Data for processing
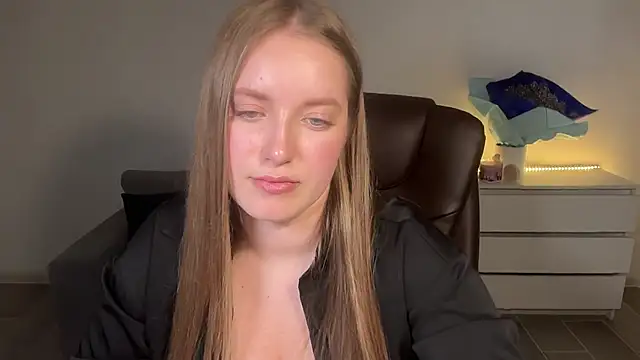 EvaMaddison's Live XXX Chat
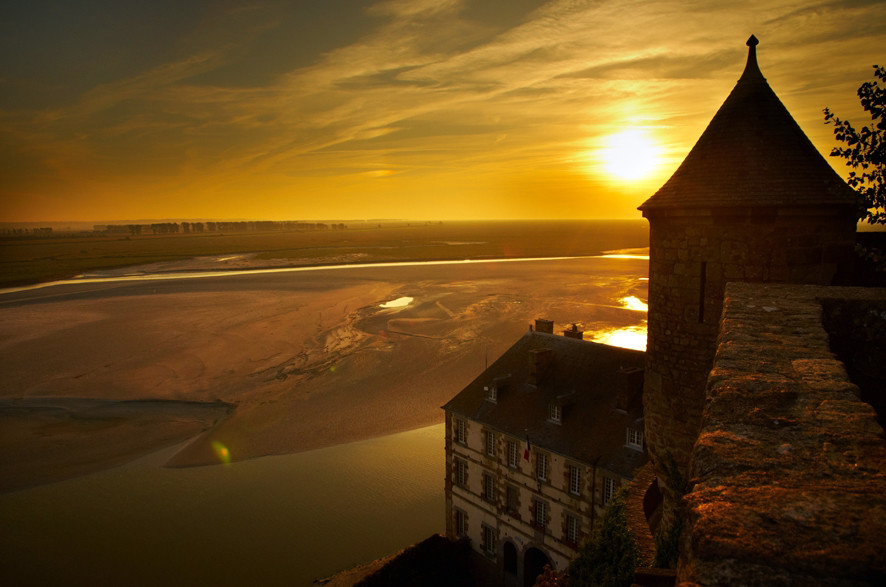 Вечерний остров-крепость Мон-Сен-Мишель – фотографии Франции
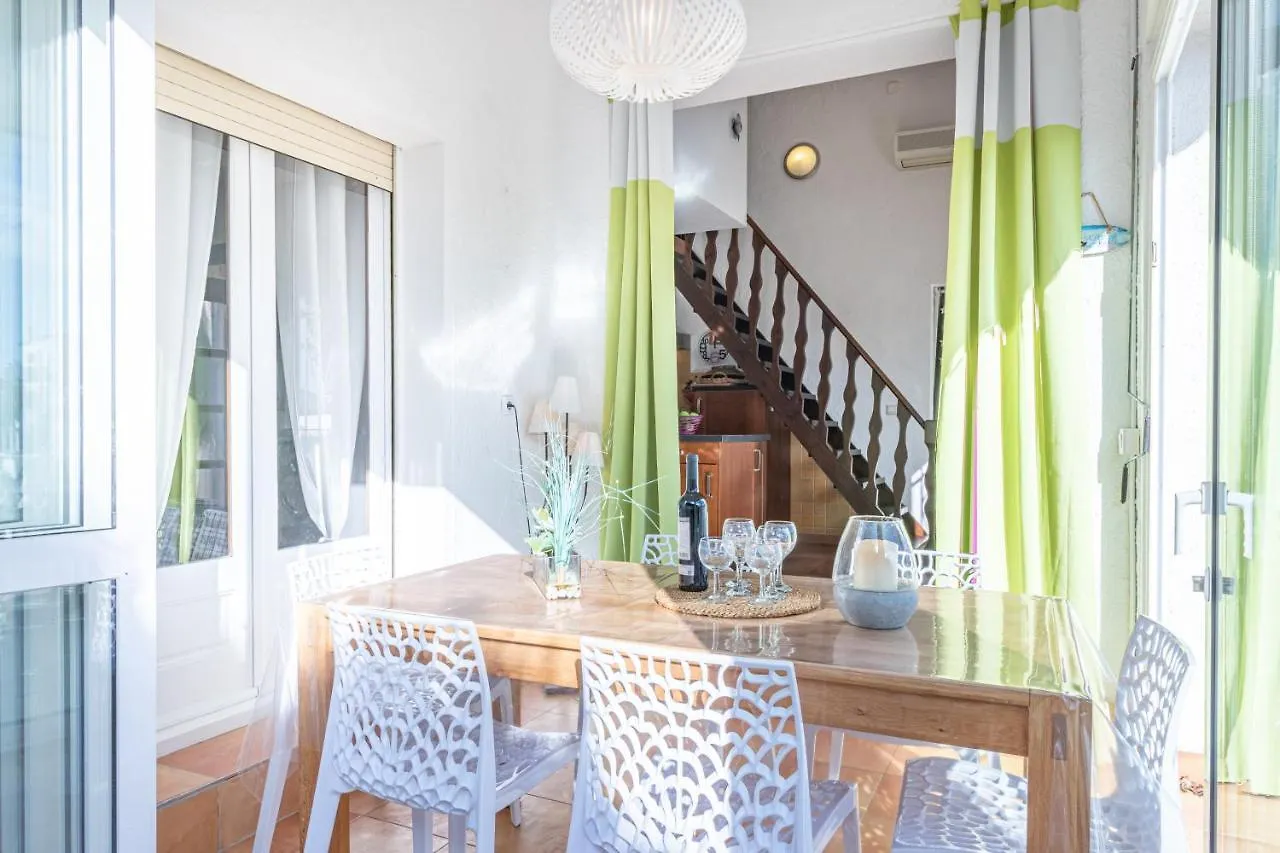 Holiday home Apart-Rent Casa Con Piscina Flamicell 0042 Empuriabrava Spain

...

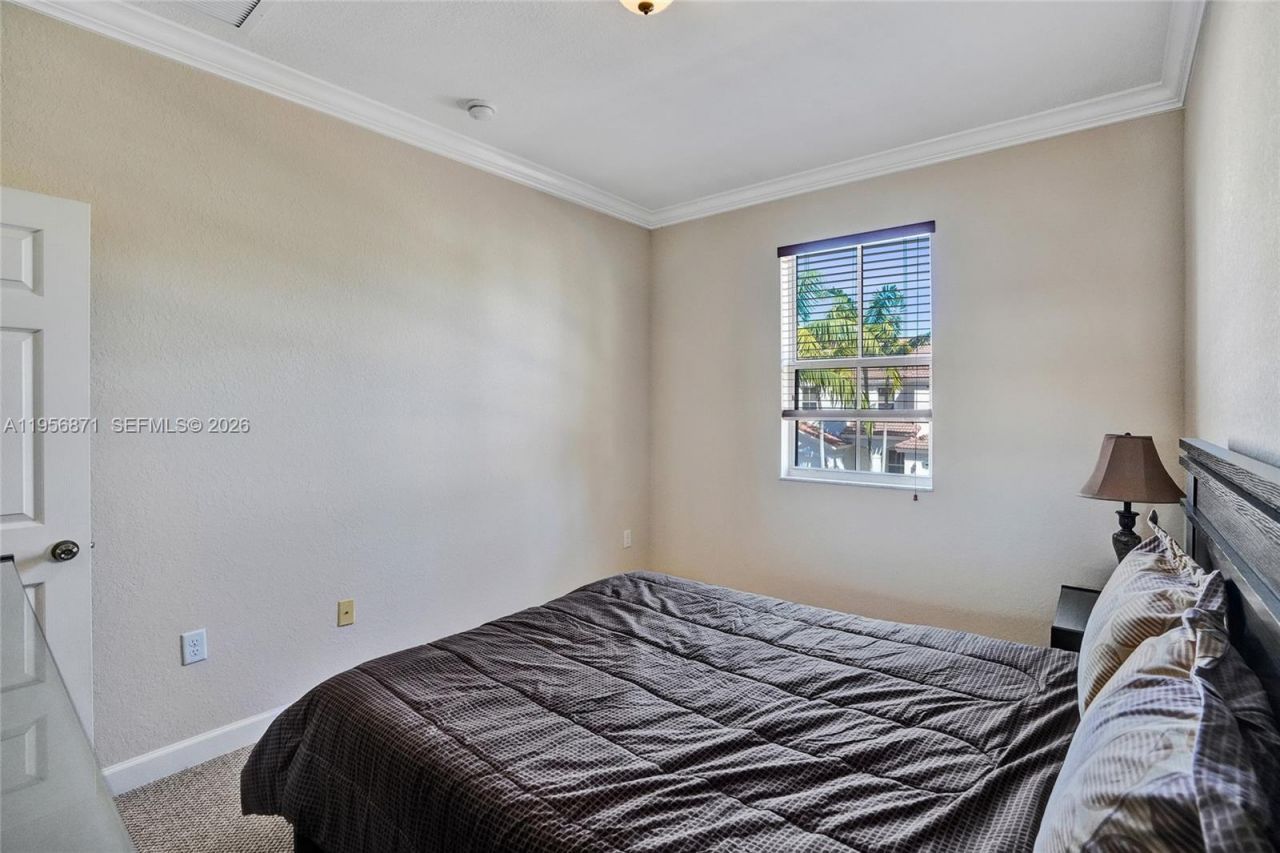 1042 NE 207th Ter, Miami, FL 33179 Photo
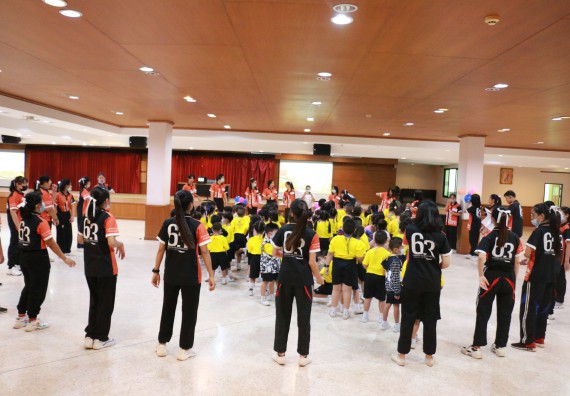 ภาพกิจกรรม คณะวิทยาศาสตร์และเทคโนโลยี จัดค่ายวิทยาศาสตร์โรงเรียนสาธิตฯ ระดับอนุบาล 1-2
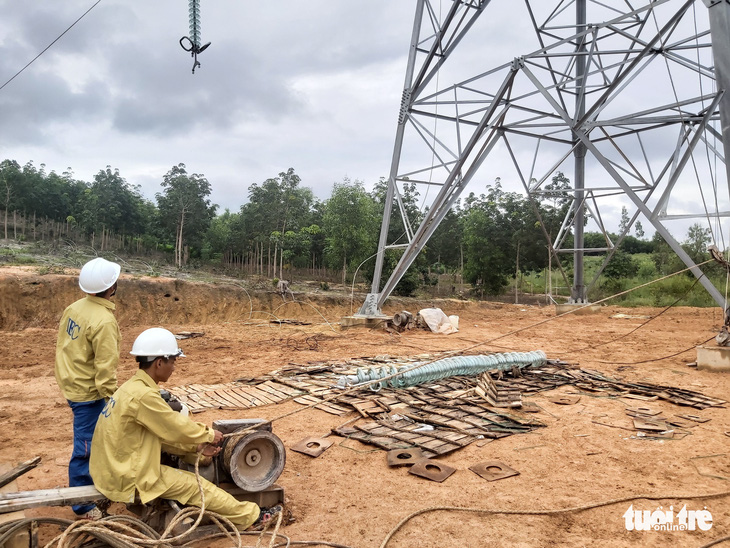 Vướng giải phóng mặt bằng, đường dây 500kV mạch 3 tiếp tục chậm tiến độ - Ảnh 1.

Task statement
Using the records above, return verbatim only the part that opens with the line containing "EvaMaddison's Live XXX Chat" and closes with the line containing "Holiday home Apart-Rent"; pictures stay out.

Solution
 EvaMaddison's Live XXX Chat
 Вечерний остров-крепость Мон-Сен-Мишель – фотографии Франции
 Holiday home Apart-Rent Casa Con Piscina Flamicell 0042 Empuriabrava Spain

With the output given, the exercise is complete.